[ASSIGNMENT]:
Pictures excluded, output the lines of the data below between the one holding "Aesthetic Facial Balancing" and the one holding "打封闭针可治骨关节炎吗,骨刺关节炎怎么治疗效果最好", inclusive, exactly as they stand.

[SOURCE DATA]:
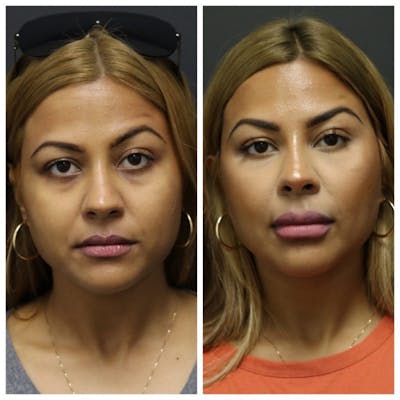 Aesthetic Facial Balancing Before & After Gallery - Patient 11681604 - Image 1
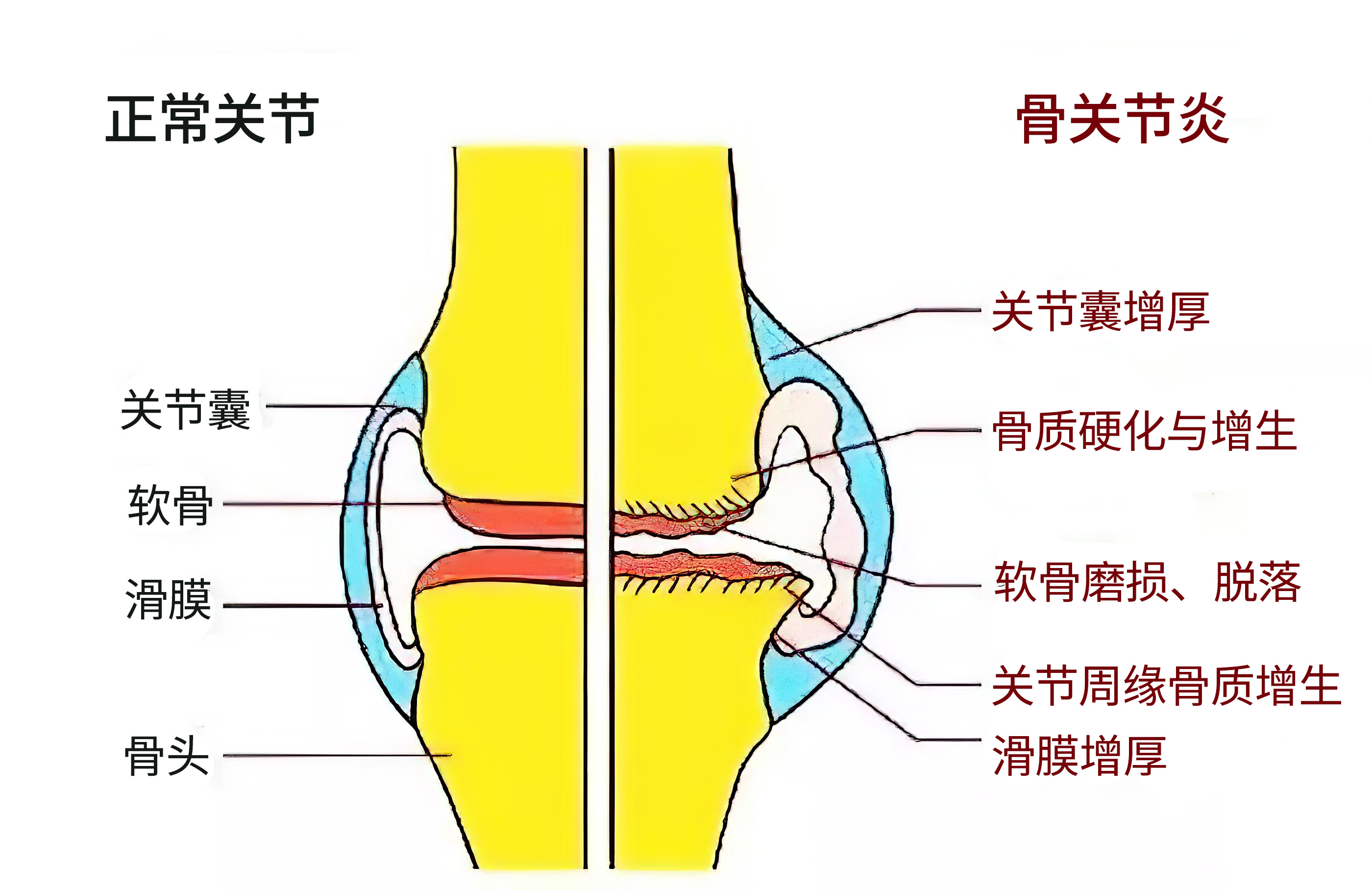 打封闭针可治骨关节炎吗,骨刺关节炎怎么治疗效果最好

...

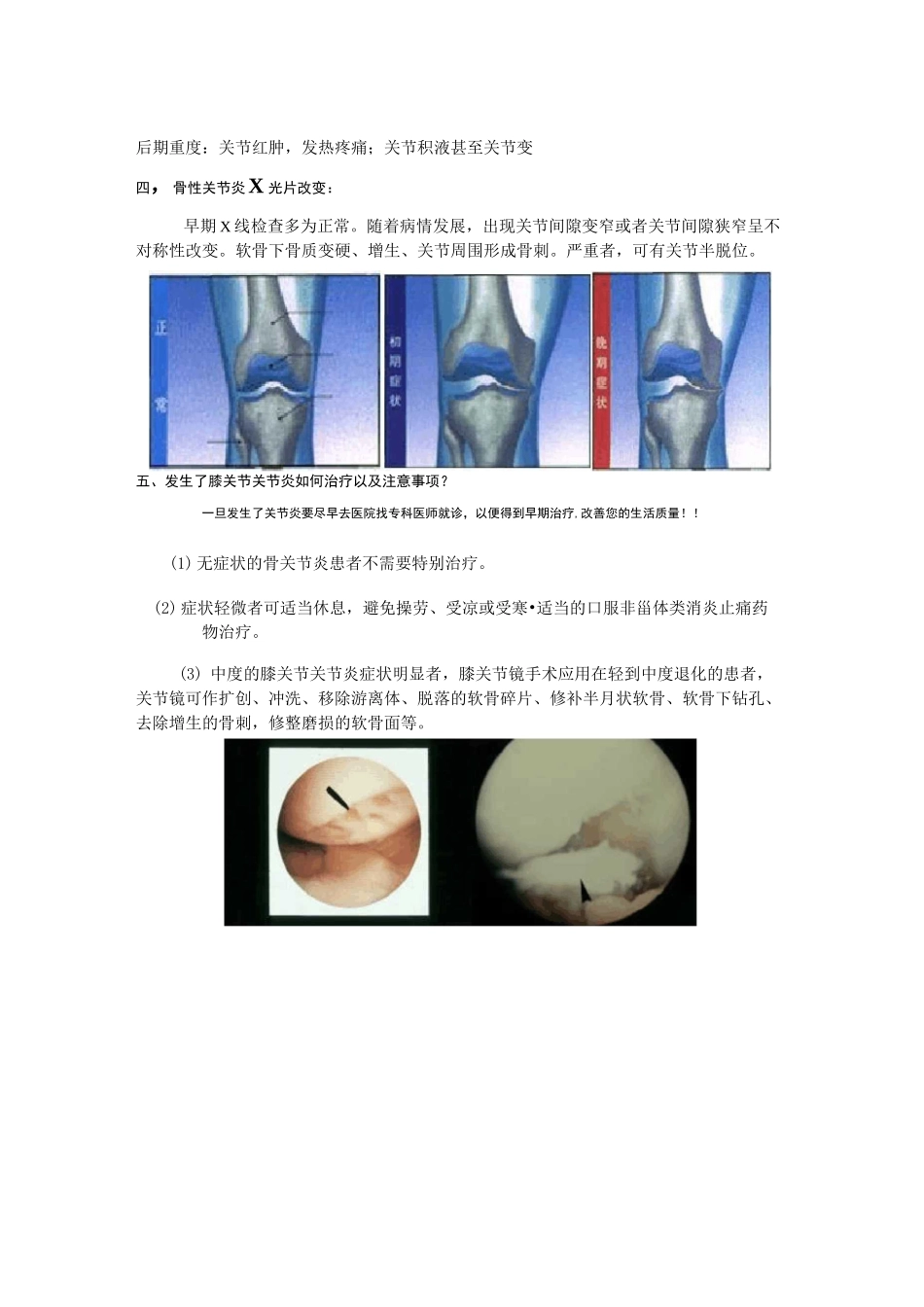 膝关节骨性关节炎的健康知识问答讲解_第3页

[EXERCISE OUTPUT]:
 Aesthetic Facial Balancing Before & After Gallery - Patient 11681604 - Image 1
 打封闭针可治骨关节炎吗,骨刺关节炎怎么治疗效果最好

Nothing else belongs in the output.